Reliability-based design in rock engineering: Application of Bayesian regression methods to rock strength data

Abstract Reliability-based design (RBD) is being adopted by geotechnical design codes worldwide, and it is therefore necessary that rock engineering practice evolves to embrace RBD. This paper examines the Hoek-Brown (H B) strength criterion within the RBD framework, and presents three distinct analyses using a Bayesian approach. Firstly, a compilation of intact compressive strength test data for six rock types is used to examine uncertainty and variability in the estimated H B parameters m and σ c , and corresponding predicted axial strength. The results suggest that within- and between-rock type variabilities are so large that these parameters need to be determined from rock testing campaigns, rather than reference values being used. The second analysis uses an extensive set of compressive and tensile (both direct and indirect) strength data for a granodiorite, together with a new Bayesian regression model, to develop joint probability distributions of m and σ c suitable for use in RBD. This analysis also shows how compressive and indirect tensile strength data may be robustly used to fit an H B criterion. The third analysis uses the granodiorite data to investigate the important matter of developing characteristic strength criteria. Using definitions from Eurocode 7, a formal Bayesian interpretation of characteristic strength is proposed and used to analyse strength data to generate a characteristic criterion. These criteria are presented in terms of characteristic parameters m k and σ ck , the values of which are shown to depend on the testing regime used to obtain the strength data.

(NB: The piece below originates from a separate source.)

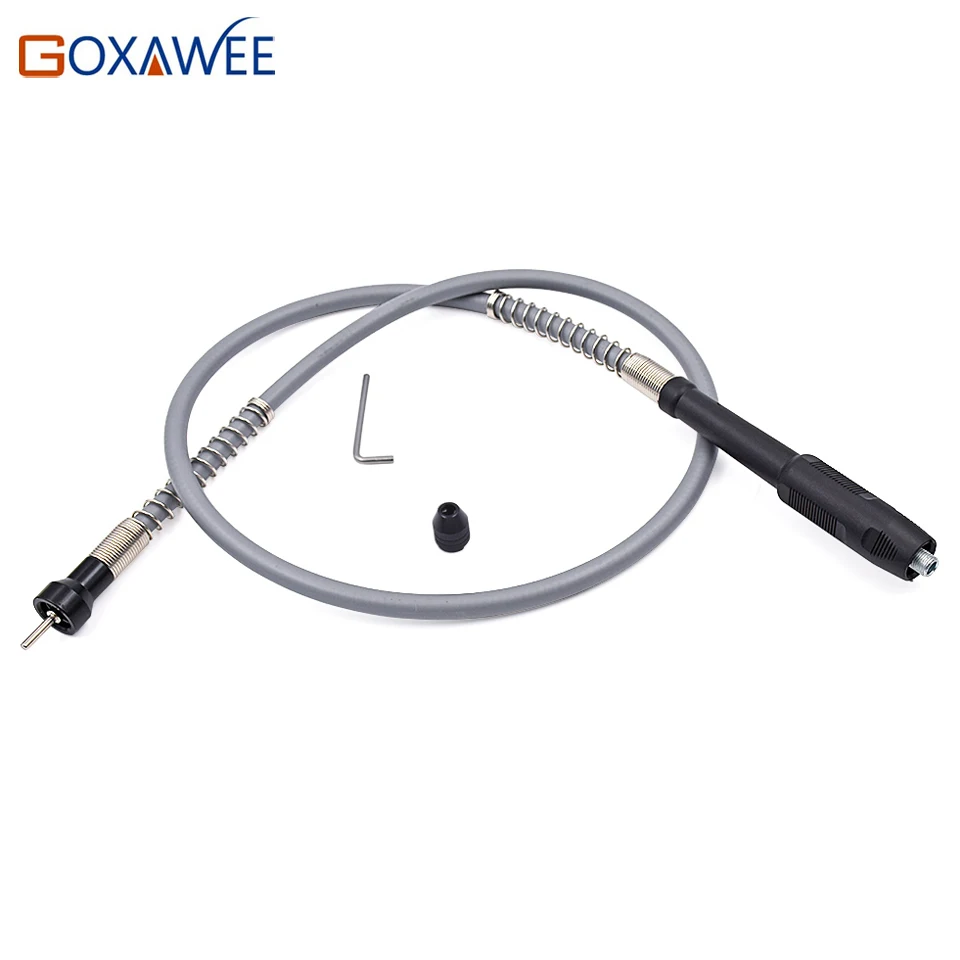 GOXAWEE Flex Shaft For Dremel Accessories Tools Dremel Flex Shaft with 8x0.75 Mini Universal Drill Collet for Dremel Mini Drill 1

The paper confirms that careful use of appropriate Bayesian statistical analysis allows the H B criterion to be brought within the framework of RBD. It also reveals that testing guidelines such as the International Society for Rock Mechanics and Rock Engineering (ISRM) suggested methods will require modification in order to support RBD. Importantly, the need to fully understand the implications of uncertainty in nonlinear strength criteria is identified.